Article ID Journal Published Year Pages File Type
5791789 Meat Science 2013 12 Pages PDF
Abstract

Over 40 days, lambs were fed: concentrate (C), concentrate containing 20% linseed (L), concentrate containing 35% olive cake (OC), or concentrate containing 10% linseed and 17% olive cake (OCL). The polyunsaturated fatty acids (PUFA) and peroxidation index (PI) in phospholipids were increased by the L and OCL treatments (P = 0.007 and P = 0.003, respectively). The OC and OCL diets increased the concentration of tocopherol in muscle (P < 0.001).

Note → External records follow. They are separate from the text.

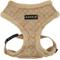 Show in main carousel: Puppia Douglas Over-The-Head Adjustable No-Pull Dog Harness, Beige, Large slide 1 of 4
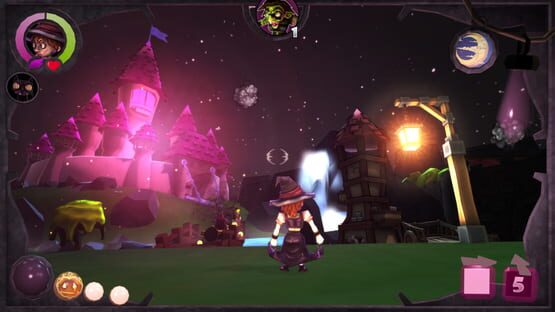 Screenshot Wicked Witches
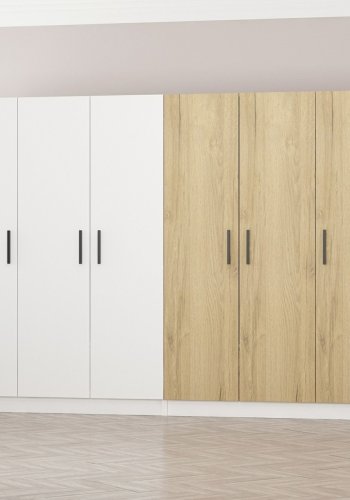 FUNZI LIVING - 3112 Garderobeskap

Compared to the OC and OCL diet, the L diet increased fatty acid oxidation, measured as conjugated dienes (CD; P = 0.003), peroxides (PV; P < 0.001) and TBARS (P = 0.002) in minced muscle over 11 days of storage in high-oxygen atmosphere. Also, the L diet increased (P < 0.001) the levels cholesterol oxidation products (COPs). In conclusion, feeding olive cake improved the oxidative stability of lamb meat and the combination of olive cake and linseed improved the fatty acid composition of meat without compromising its oxidative stability.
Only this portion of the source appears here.